**WORK REQUEST**
Of all the entries below, only the lines from the one with "Black Athletic Warm-up Pants" up to and including the one with "150 Вт/24 IR" are to be duplicated exactly.

Data records
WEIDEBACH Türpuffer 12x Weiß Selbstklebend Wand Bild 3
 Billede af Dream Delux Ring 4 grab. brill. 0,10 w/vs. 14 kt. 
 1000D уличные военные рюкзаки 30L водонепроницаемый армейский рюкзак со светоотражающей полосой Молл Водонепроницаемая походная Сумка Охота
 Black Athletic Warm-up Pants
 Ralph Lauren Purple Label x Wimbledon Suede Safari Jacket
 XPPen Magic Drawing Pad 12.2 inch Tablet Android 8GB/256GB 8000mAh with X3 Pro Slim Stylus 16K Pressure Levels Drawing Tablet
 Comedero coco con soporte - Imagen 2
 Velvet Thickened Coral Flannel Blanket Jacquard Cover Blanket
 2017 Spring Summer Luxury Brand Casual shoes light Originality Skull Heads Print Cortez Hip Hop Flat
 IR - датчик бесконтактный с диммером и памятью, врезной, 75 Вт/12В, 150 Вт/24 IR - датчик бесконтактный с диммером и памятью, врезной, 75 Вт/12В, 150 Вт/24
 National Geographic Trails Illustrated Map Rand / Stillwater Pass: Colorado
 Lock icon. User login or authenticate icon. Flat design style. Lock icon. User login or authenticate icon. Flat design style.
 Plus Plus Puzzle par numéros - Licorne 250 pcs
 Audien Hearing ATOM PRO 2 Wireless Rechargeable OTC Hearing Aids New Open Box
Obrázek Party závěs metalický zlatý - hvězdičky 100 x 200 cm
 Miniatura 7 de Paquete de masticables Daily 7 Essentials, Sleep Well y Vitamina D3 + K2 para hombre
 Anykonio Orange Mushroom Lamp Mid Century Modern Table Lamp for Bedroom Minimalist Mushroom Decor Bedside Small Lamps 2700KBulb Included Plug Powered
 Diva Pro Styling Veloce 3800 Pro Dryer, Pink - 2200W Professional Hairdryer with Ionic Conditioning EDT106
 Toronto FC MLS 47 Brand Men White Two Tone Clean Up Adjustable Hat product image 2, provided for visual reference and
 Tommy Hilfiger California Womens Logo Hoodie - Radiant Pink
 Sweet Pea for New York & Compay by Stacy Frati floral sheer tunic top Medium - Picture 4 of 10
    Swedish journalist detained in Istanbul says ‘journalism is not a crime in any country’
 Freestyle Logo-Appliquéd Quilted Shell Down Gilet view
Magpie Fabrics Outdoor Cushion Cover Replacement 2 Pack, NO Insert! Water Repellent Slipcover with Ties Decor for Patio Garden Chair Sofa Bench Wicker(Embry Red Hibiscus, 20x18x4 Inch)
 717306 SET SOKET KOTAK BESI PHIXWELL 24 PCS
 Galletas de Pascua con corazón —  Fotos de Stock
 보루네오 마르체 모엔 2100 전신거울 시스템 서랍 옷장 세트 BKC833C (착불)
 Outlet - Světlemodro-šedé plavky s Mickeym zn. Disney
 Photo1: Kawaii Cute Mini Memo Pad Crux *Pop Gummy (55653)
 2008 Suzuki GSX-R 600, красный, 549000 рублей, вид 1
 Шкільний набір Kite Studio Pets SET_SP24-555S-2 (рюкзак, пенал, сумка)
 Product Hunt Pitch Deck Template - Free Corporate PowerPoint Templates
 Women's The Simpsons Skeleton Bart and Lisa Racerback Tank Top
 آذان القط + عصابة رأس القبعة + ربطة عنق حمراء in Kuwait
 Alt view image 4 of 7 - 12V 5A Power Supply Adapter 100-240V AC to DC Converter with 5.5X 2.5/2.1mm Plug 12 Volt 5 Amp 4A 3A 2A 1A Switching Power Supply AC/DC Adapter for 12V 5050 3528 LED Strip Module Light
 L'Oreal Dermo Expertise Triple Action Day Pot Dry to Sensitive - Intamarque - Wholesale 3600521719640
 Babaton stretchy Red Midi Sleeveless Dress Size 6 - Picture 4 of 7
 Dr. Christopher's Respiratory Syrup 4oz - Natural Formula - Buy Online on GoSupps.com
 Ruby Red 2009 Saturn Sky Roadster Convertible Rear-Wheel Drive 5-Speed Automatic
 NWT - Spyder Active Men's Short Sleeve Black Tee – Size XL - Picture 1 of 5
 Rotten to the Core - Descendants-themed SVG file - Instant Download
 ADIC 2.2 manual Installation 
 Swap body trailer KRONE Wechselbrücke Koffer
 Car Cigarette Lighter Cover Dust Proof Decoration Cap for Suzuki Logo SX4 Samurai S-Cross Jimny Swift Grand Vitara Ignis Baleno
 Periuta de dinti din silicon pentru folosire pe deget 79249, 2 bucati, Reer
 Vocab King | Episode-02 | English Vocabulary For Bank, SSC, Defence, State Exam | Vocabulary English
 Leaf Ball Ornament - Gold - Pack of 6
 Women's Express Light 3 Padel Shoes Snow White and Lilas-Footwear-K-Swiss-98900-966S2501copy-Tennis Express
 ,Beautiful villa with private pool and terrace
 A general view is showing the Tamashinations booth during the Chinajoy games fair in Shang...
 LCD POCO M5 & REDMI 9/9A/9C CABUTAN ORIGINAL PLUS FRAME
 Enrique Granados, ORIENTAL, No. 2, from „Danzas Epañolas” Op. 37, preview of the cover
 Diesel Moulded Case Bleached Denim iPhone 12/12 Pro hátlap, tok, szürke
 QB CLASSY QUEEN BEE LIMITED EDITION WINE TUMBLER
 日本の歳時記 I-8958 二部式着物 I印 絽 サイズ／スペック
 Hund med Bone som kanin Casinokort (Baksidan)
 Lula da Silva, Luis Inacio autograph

**SOLUTION FOR THIS TASK**
 Black Athletic Warm-up Pants
 Ralph Lauren Purple Label x Wimbledon Suede Safari Jacket
 XPPen Magic Drawing Pad 12.2 inch Tablet Android 8GB/256GB 8000mAh with X3 Pro Slim Stylus 16K Pressure Levels Drawing Tablet
 Comedero coco con soporte - Imagen 2
 Velvet Thickened Coral Flannel Blanket Jacquard Cover Blanket
 2017 Spring Summer Luxury Brand Casual shoes light Originality Skull Heads Print Cortez Hip Hop Flat
 IR - датчик бесконтактный с диммером и памятью, врезной, 75 Вт/12В, 150 Вт/24 IR - датчик бесконтактный с диммером и памятью, врезной, 75 Вт/12В, 150 Вт/24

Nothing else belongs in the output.